### WHAT IS EXPECTED
Omit the pictures and retype only the lines from the one containing "GCDS Felpa in" through the end of the listing, both ends included.

### DATASET CONTENT
▼

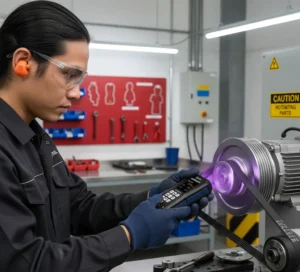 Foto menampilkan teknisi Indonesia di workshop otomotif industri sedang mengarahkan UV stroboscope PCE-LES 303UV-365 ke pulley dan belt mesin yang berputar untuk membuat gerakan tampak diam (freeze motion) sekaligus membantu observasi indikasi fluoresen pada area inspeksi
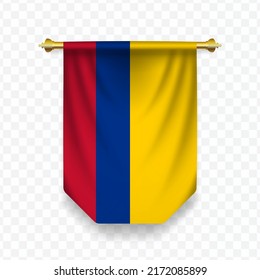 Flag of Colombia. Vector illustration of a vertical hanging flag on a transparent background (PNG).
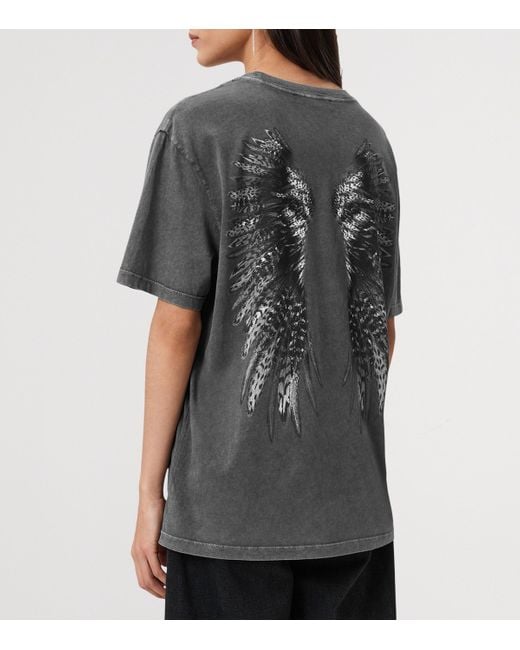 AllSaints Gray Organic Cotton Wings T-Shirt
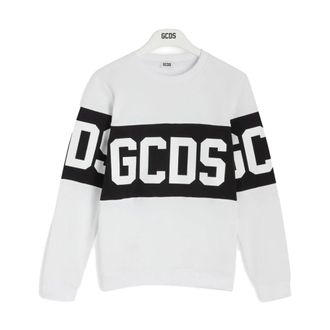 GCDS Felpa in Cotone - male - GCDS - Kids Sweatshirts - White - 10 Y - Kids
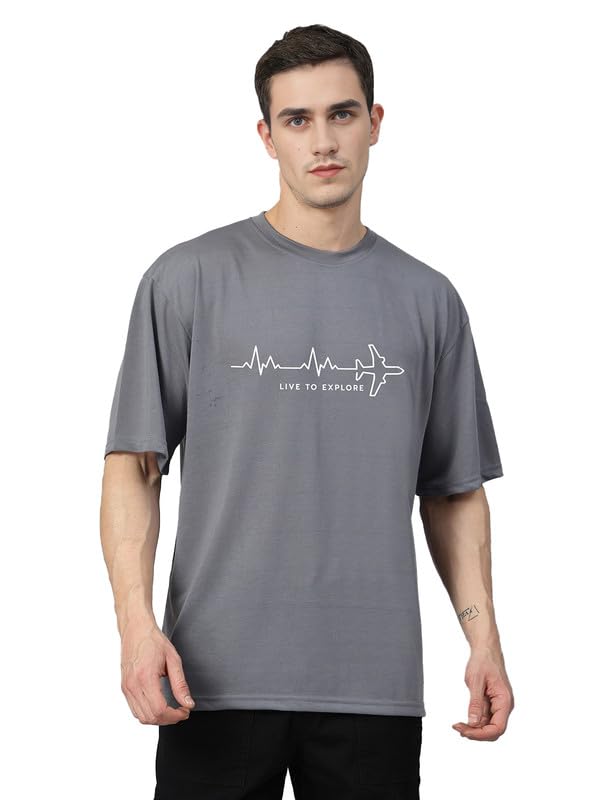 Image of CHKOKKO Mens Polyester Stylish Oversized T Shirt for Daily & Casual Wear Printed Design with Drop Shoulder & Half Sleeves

▲

### FINISHED TASK
 GCDS Felpa in Cotone - male - GCDS - Kids Sweatshirts - White - 10 Y - Kids
 Image of CHKOKKO Mens Polyester Stylish Oversized T Shirt for Daily & Casual Wear Printed Design with Drop Shoulder & Half Sleeves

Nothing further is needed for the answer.